Work to be completed: Images do not belong in the copy; retype the rest of the entries below exactly.
::::
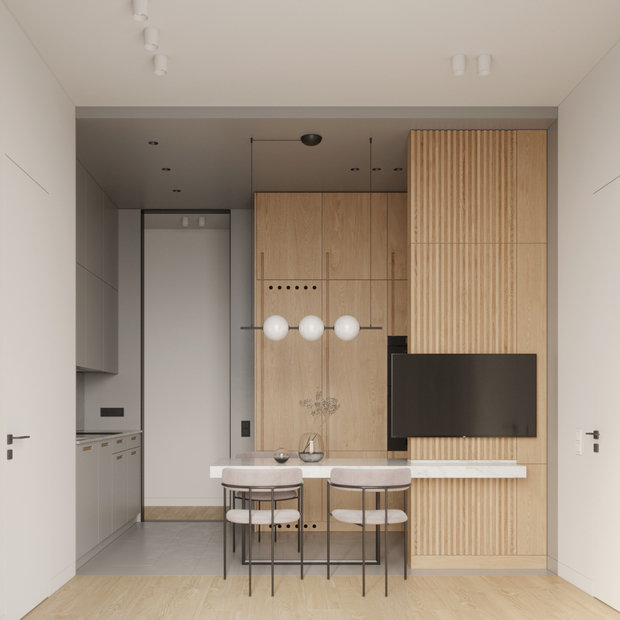 Фото из портфолио Из двушки в трешку. Квартира в Санкт-Петербурге, 52 м2 – фотографии дизайна интерьеров на INMYROOM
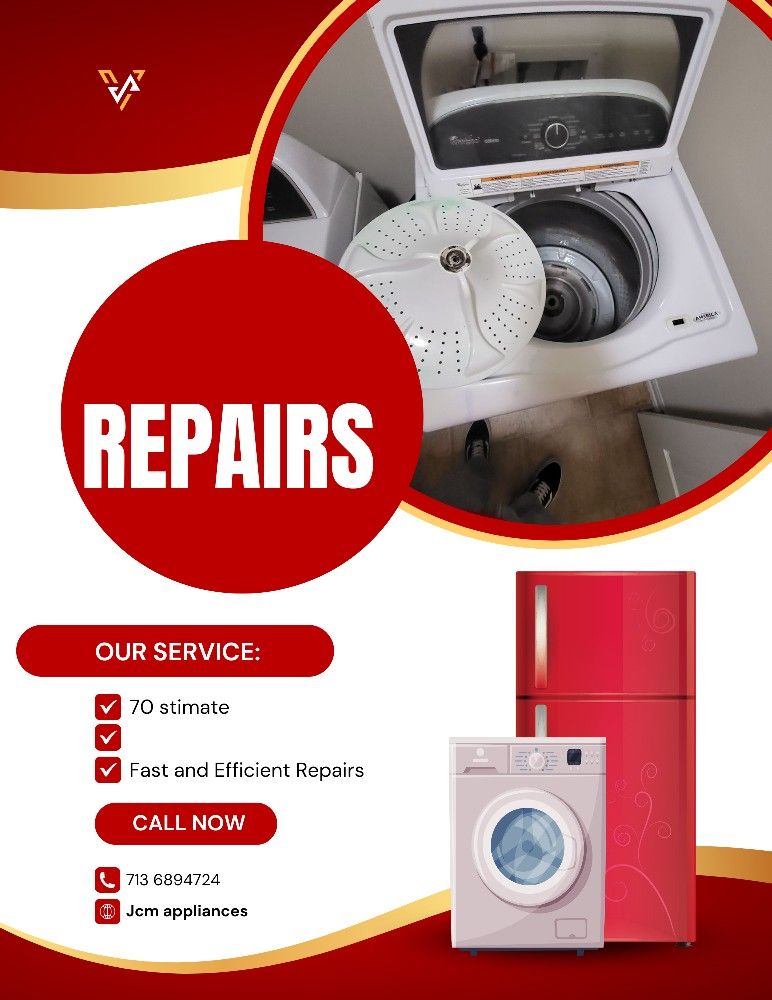 💯👌REPAIR WASHER AND DRYER WITH WARRANTY 👌👌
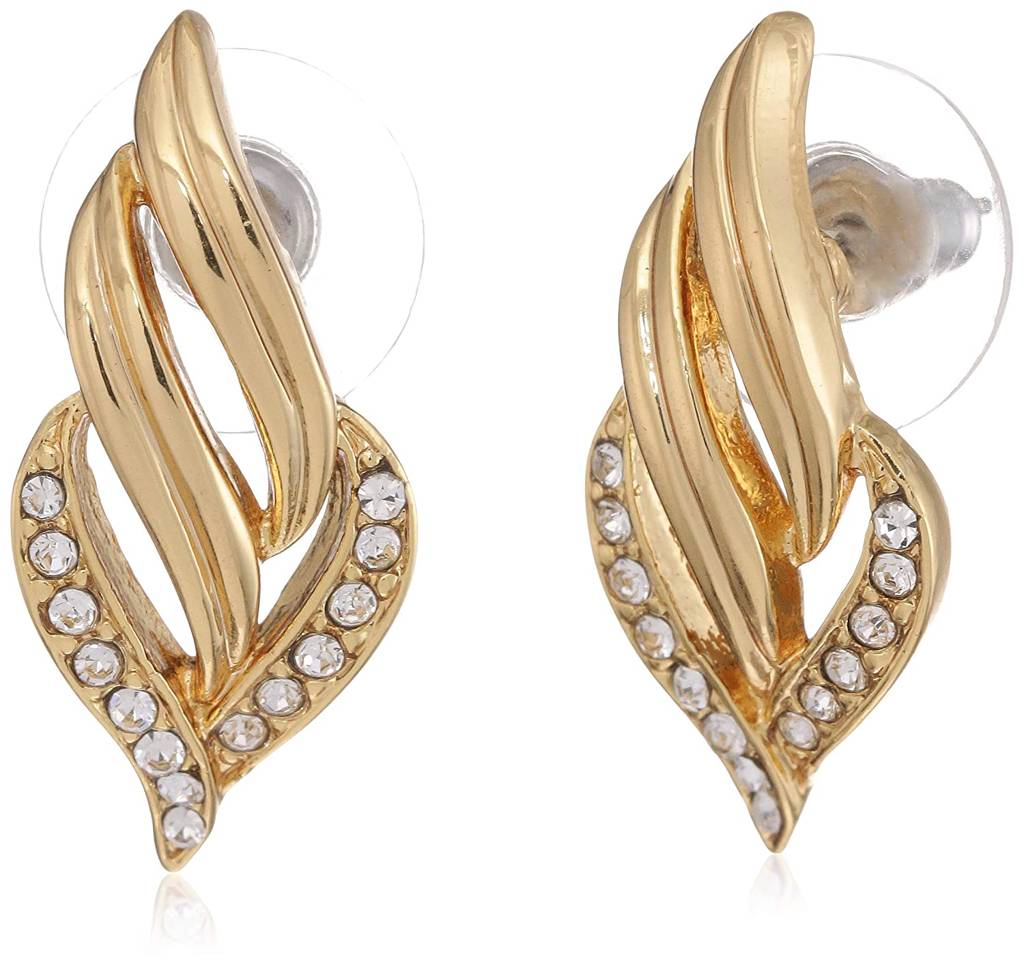 Estele Gold & Rhodium Plated Flighting Mangalsutra Necklace Set For Women : EMS13080036NKER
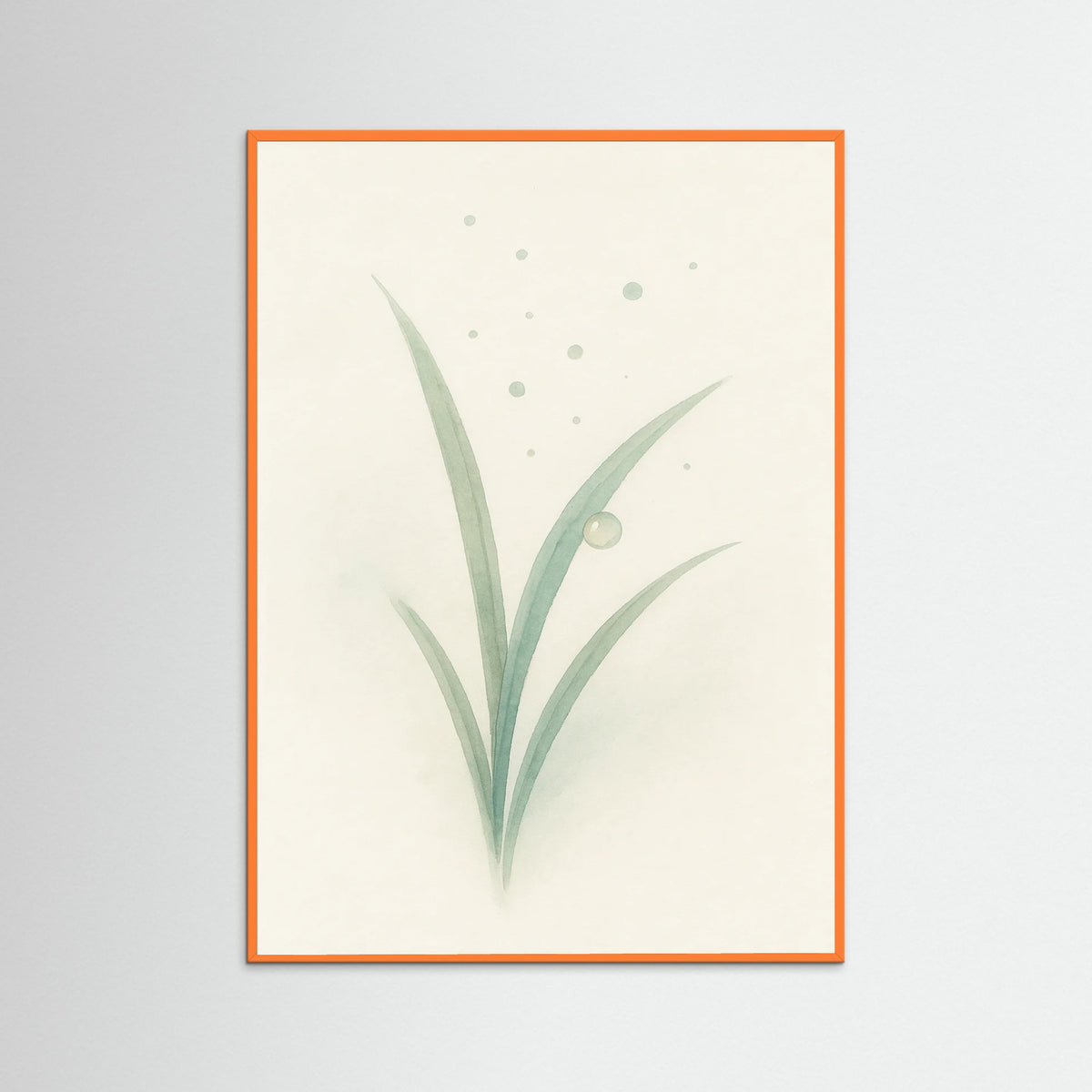 Orange Wood Dewy Morning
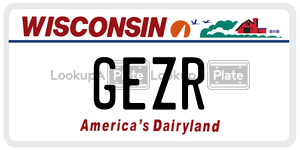 GEZR  license plate in WI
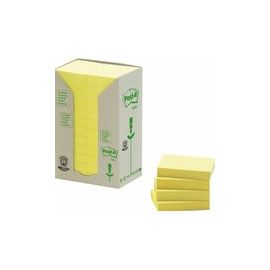 HAFTNOTIZ POST IT 3M 653-1T 38X51MM, RC GELB,PG. A 24
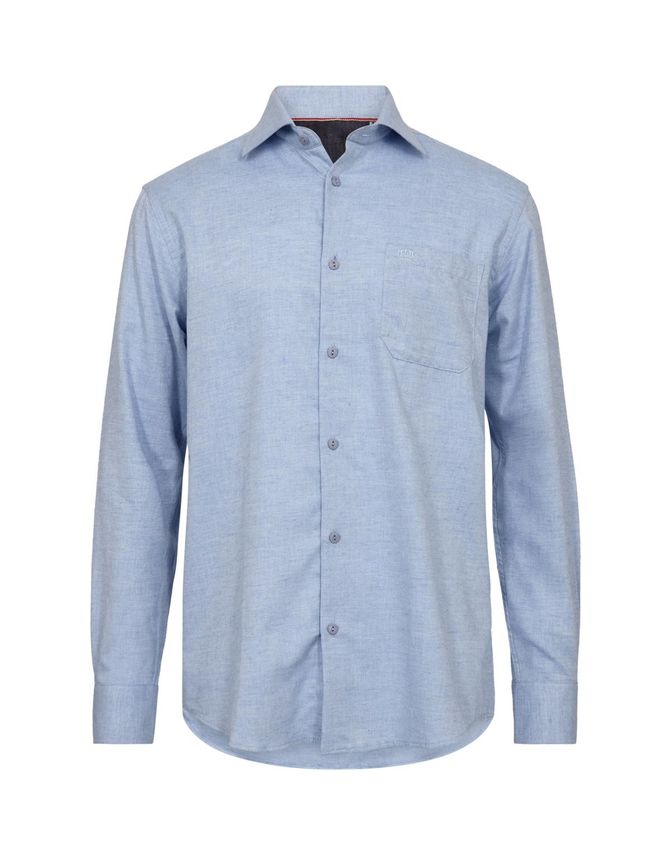 Mens L  Shirt Box Flannel fra Thomas Regency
::::
Exercise response:
 Фото из портфолио Из двушки в трешку. Квартира в Санкт-Петербурге, 52 м2 – фотографии дизайна интерьеров на INMYROOM
 💯👌REPAIR WASHER AND DRYER WITH WARRANTY 👌👌
 Estele Gold & Rhodium Plated Flighting Mangalsutra Necklace Set For Women : EMS13080036NKER
 Orange Wood Dewy Morning
 GEZR  license plate in WI
 HAFTNOTIZ POST IT 3M 653-1T 38X51MM, RC GELB,PG. A 24
 Mens L  Shirt Box Flannel fra Thomas Regency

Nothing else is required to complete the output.